Car les tergiversations font florès tant le gouvernement marche sur des œufs et n’a d’autres choix que de jouer les équilibristes pour trouver une majorité et ne pas passer à nouveau par un 49.3. D’un côté, l’aile gauche de la majorité incarnée par le député de la Vienne Sacha Houlié compte bien rétablir l’Aide médicale d’Etat et l’article 3 du projet de loi sur les régularisations dans les métiers en tension pour obtenir un texte équilibré. De l’autre, des députés Les Républicains, à l’instar d’Aurélien Pradié, parlent du texte comme d’une « reculade » et ont d’ores et déjà annoncé qu’ils voteraient contre. Le président du parti, Éric Ciotti et Olivier Marleix, le président du groupe à l’Assemblée, restent, quant à eux, déterminés à obtenir une révision de la Constitution, sans laquelle « rien ne sera possible ». Un positionnement qui agace Jean-François Copé : « Cela fait des années que nous ne sommes pas capables d’avoir une Assemblée nationale en phase avec le bon sens et les attentes du pays », dénonce le maire de Meaux, très sévère avec sa famille politique, dont il dénonce l’incohérence : « On ne peut pas toute la journée dire que ça ne va pas, qu’il faut une politique ferme en matière d’immigration, et quand on a des mesures qui aident à régler un certain nombre de problèmes, ne pas la voter, ça n’a aucun sens ».
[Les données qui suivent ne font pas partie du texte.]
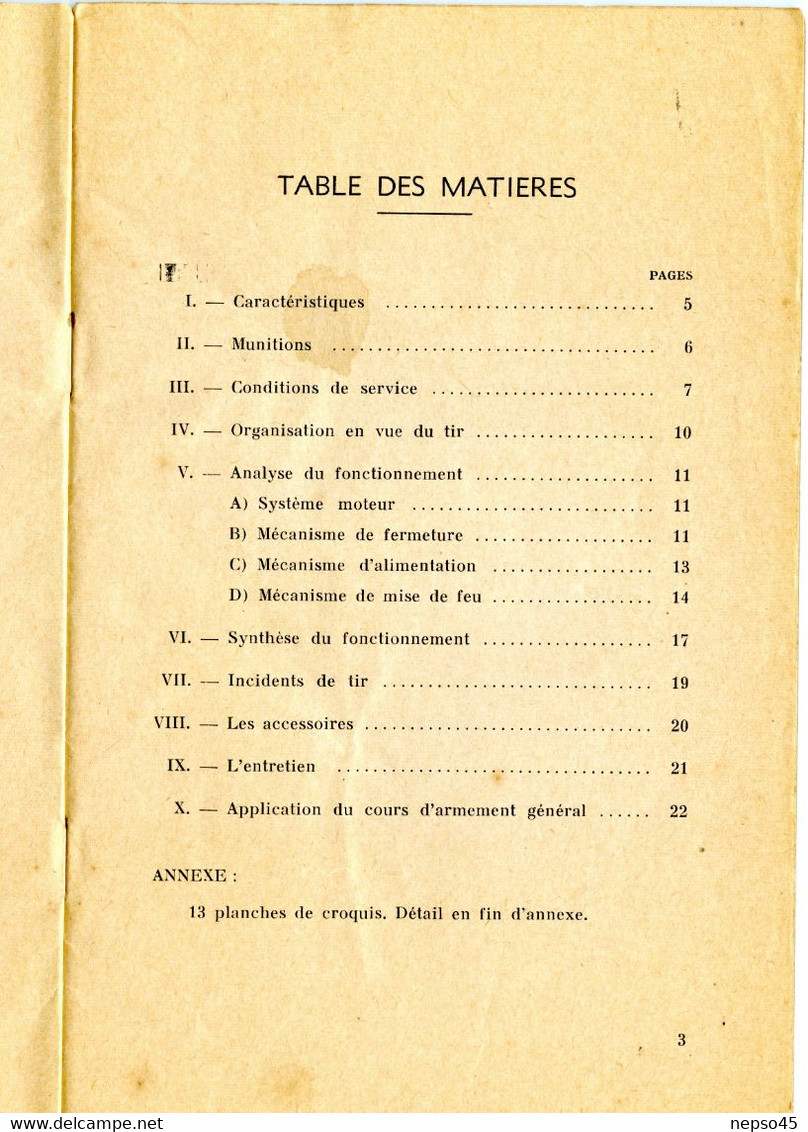 Pistolet Automatique De 9 Mm Modèle 1950.Librairie Militaire Saint-Cyr - Coëtquidam. - Français
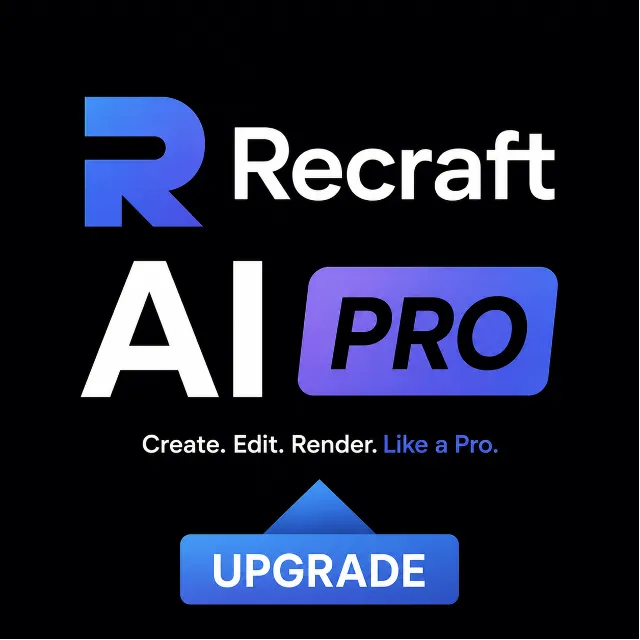 Recraft AI Pro 1-12M | ЛУЧШАЯ ЦЕНА, ПОЛНАЯ ГАРАНТИЯ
L’AME, un dispositif « délirant »

 

Pour Jean-François Copé, le soutien des députés Républicains au projet de loi permettrait de faire voter le texte tel qu’adopté par le Sénat, et ainsi éviter de revenir à sa version initiale. Le maire de Meaux est notamment particulièrement opposé à l’Aide médicale d’Etat, un dispositif « délirant », qui n’a « aucun sens » et dont il faudrait « une bonne fois pour toutes, tirer les conséquences ». Même son de cloche concernant l’article 3 du projet de loi initial, que l’ancien ministre de Nicolas Sarkozy qualifie de « filière de régularisation ». « On attend combien de temps pour adresser un message aux filières d’immigration mafieuses ? » s’indigne Jean-François Copé. Pour l’ancien président de l’UMP, le fond du problème réside dans l’absence de majorité absolue au palais Bourbon, clé de voûte de la Ve République. Il explique avoir pourtant, en vain, « défendu l’idée d’une coalition intelligente » des Républicains avec la majorité présidentielle après les élections législatives de 2022. « Tous les chapeaux à plume m’ont répondu + on ne veut pas + », regrette Jean-François Copé, pour qui « nous sommes dans un pays qui ne peut plus passer une loi ». A trois ans et demi de la fin de la législature, pour le maire de Meaux, « c’est une folie ».